Guerrilla PR 2.0 by Michael Levine

Author:Michael Levine [Levine, Michael]
Language: eng
Format: epub
ISBN: 2135550000
Publisher: HarperCollins
Published: 0101-01-01T00:00:00+00:00


Read twenty Op-Ed pieces, and you’ll see what I mean. The following is an example of an actual Op-Ed piece I wrote that ran in several publications. Notice how I build on my theme from paragraph to paragraph. Though this piece wasn’t directly about me or my business, it served to augment my standing within the P.R. and business communities.

* * *

THE CASE FOR INTERNSHIPS

by Michael Levine

America may be the Land of Opportunity, but this is also the Land of the Big Trade-Off. Sure, you can have that nice house, but you’re going to have to become a mortgage slave to keep it. You can drive that fancy sports car, but you’ll have to fork over an insurance premium as hefty as the GNP of some Third World nations. The Bible says that in life, if you want honey, you get bees with stingers. For anything worth having, there’s a price to pay. It’s the same with a career. Most professional positions require experience, but in this classic Catch–22, how does a young college student or graduate gain that experience? Well, it’s just as Mark Twain said: “Never let school interfere with your education.”

I believe the intern programs in place at companies like Coca-Cola, Procter & Gamble, CBS, and my own provide the best chance for young people to enter and grow in many professions. Although the work is demanding, with little or no immediate financial return, interning is a textbook example of a win-win situation.

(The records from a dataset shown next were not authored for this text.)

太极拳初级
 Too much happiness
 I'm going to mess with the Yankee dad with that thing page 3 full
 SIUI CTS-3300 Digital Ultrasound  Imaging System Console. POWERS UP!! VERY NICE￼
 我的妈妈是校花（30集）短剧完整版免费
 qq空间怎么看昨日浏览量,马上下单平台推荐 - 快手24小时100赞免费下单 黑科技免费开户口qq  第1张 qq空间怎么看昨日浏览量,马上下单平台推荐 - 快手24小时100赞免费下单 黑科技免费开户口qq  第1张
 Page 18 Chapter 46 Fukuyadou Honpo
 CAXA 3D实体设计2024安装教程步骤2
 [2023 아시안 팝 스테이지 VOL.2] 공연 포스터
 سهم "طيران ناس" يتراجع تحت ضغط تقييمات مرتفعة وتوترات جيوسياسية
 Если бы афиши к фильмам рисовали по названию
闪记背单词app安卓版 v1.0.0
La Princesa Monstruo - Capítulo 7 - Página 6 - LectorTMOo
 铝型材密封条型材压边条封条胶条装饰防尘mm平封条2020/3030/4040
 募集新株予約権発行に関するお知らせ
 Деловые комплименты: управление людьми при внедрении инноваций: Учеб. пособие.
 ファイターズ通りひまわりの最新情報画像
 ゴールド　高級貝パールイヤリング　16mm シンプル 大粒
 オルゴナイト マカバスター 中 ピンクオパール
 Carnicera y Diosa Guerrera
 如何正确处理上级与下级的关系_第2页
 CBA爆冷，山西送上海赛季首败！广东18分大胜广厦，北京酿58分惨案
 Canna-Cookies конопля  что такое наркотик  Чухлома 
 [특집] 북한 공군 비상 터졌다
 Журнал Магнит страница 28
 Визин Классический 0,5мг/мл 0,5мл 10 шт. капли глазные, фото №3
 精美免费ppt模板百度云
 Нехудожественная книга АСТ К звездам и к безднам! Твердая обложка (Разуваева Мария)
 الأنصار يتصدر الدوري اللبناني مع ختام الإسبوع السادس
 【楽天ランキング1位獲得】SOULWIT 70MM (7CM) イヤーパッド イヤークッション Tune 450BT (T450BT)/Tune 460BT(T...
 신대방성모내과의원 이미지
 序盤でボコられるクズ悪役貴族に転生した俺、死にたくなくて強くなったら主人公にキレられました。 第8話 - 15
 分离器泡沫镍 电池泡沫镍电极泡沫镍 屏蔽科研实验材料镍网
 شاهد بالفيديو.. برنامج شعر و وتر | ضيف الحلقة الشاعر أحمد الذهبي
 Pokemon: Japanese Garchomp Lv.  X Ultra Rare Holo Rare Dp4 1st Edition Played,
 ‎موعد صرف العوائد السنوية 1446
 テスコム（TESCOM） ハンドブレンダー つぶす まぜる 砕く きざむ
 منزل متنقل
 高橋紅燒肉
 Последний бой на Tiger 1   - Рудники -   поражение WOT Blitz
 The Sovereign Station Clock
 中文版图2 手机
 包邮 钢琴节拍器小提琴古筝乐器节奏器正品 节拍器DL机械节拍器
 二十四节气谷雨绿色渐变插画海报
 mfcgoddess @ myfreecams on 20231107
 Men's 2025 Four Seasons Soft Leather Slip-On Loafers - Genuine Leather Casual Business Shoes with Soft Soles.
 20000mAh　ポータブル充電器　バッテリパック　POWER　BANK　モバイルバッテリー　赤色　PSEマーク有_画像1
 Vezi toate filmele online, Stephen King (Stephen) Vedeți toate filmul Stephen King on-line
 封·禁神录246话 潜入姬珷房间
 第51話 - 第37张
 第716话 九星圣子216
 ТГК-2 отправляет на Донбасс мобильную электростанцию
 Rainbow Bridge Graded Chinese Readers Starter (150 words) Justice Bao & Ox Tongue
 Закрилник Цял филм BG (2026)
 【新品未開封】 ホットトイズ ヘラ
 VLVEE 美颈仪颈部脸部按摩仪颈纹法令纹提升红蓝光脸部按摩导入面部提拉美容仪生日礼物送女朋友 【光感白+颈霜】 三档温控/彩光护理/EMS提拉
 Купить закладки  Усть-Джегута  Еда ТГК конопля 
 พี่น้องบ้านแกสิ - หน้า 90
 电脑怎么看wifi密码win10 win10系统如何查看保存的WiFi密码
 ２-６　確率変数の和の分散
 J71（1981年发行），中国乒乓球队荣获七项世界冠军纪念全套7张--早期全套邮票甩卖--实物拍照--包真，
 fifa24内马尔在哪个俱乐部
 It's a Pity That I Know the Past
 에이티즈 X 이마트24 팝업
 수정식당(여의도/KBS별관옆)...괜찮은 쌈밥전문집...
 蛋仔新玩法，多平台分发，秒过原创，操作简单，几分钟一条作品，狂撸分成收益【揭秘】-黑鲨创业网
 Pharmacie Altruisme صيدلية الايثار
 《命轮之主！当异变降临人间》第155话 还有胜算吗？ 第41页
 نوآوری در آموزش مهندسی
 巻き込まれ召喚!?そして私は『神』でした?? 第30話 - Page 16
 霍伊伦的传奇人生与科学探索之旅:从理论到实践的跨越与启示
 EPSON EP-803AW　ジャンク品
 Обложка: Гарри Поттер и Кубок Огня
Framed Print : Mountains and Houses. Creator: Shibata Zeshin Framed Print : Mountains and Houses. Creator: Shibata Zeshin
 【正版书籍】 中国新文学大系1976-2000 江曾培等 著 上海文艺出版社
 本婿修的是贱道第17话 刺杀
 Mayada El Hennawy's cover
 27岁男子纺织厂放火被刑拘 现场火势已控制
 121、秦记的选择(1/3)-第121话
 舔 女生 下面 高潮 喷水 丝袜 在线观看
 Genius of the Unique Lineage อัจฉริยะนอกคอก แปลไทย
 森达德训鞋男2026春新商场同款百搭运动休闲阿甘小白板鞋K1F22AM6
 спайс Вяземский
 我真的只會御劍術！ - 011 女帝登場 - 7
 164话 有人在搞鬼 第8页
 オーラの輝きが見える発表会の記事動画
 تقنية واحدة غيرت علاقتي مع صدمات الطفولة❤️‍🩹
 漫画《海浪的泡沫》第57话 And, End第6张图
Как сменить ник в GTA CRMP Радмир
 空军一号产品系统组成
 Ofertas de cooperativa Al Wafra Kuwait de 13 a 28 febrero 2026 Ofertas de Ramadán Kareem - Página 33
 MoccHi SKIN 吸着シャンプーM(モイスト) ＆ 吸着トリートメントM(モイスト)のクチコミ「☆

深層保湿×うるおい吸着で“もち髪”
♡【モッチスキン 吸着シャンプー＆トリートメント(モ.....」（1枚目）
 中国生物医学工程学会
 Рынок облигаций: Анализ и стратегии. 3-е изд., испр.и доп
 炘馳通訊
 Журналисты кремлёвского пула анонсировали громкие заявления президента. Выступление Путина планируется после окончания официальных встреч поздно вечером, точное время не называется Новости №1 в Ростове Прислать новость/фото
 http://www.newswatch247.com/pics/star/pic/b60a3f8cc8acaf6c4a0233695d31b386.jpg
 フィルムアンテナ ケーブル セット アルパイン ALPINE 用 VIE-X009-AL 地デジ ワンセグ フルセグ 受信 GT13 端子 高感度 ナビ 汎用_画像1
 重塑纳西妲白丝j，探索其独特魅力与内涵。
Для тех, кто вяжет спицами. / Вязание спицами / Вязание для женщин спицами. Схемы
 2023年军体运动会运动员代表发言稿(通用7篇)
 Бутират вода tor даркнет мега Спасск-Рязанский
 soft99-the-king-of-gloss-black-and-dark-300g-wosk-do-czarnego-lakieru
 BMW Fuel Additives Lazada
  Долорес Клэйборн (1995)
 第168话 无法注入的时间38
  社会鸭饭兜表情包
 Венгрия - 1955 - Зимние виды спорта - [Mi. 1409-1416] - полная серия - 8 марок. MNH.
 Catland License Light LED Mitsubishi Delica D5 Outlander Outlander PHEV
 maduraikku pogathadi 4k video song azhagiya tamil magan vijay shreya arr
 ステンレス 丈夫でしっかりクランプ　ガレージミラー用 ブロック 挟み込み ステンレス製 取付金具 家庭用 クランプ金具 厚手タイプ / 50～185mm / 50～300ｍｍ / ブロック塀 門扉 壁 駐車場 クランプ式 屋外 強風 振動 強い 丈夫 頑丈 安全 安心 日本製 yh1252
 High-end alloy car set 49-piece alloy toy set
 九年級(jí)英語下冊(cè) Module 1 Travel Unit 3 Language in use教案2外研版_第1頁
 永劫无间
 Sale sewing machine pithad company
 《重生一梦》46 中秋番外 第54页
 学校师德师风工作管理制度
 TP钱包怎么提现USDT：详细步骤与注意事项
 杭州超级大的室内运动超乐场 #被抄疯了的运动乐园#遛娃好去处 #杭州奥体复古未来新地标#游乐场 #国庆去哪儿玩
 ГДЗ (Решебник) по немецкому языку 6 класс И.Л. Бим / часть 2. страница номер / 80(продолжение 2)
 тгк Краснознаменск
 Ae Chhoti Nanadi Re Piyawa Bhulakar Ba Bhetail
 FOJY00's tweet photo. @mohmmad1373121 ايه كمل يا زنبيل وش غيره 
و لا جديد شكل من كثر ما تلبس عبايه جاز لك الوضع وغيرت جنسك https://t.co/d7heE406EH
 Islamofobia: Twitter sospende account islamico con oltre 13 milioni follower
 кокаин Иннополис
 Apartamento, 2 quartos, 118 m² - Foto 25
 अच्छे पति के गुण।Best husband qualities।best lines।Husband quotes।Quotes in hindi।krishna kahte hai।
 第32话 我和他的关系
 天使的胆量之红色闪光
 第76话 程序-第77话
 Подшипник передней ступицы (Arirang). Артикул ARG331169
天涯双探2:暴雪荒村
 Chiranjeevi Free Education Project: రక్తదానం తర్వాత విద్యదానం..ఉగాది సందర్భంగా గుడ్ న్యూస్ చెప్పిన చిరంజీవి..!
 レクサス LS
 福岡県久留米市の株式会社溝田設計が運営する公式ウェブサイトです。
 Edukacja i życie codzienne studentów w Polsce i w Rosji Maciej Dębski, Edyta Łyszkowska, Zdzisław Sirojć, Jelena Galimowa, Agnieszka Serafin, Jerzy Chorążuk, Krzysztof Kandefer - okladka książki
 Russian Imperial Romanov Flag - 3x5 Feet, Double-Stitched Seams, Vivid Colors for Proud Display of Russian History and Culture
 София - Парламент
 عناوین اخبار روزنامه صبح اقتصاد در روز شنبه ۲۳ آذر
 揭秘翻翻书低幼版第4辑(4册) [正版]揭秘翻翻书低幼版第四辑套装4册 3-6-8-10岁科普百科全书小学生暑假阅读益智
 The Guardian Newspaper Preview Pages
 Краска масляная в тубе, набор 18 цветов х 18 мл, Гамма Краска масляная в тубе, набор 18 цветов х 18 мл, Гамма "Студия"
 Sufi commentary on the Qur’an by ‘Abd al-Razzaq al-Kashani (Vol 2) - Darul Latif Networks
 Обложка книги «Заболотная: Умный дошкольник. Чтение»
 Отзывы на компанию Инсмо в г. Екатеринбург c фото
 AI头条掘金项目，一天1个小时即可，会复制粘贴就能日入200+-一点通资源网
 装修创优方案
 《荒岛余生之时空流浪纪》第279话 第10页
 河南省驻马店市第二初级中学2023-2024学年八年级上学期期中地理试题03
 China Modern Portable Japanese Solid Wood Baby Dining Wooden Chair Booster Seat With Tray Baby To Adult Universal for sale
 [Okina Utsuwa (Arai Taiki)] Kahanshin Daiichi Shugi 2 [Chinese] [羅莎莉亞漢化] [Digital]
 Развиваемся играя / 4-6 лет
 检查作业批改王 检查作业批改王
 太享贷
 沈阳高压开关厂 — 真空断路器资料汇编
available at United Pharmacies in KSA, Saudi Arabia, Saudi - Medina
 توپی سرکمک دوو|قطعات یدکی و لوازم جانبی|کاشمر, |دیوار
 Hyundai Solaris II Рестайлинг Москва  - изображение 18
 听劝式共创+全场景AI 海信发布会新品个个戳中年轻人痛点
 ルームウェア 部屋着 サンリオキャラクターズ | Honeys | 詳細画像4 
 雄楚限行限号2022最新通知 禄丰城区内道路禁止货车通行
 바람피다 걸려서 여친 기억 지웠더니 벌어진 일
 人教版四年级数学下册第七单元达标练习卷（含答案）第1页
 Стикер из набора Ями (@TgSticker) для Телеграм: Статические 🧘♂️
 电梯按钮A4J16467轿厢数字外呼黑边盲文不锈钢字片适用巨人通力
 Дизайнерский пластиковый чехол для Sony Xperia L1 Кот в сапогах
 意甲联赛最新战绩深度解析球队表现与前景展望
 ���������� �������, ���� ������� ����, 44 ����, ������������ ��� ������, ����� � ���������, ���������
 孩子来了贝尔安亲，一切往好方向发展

When a young student comes to my public relations company and tells me he’s willing to intern, a distinctly modern social contract is entered into. Though he is not a servant, and I am not a teacher, if he does some unpaid work, we’ll do some teaching. The company gets the opportunity to observe eager and smart young people who energize the company. Like a farm team, interns are prospective employees, and we get to watch them in action.

For the intern, the rewards are far greater.

First, most interns are college students, and nearly all receive valuable college credit for their services. Beyond that, interning teaches the neophyte how to function in a complex, real-life, adult business environment. Derek Jeter could have studied the physics of baseball for years in a classroom, but he never would have won World Series or MVP awards if he’d never stepped up to the plate, literally. No classroom can substitute for visceral, palpable learning in an authentic setting.

Problem solving, initiative, creativity, and cooperation are all fostered as the intern struggles to carve a niche for herself. To make it as an intern, one must embody the qualities of any effective worker, and the rewards go far beyond the merely educational. Many interns go on to highly successful careers.

Interning is practical. In an ever-tightening job market, it provides career preparation, and enables a young professional to develop marketable skills and demonstrate potential to a prospective employer.

But beyond the practicalities, there’s a bigger picture that needs to be addressed.

For too many, America has become the Land of the Freeloader and the Home of the Lazy.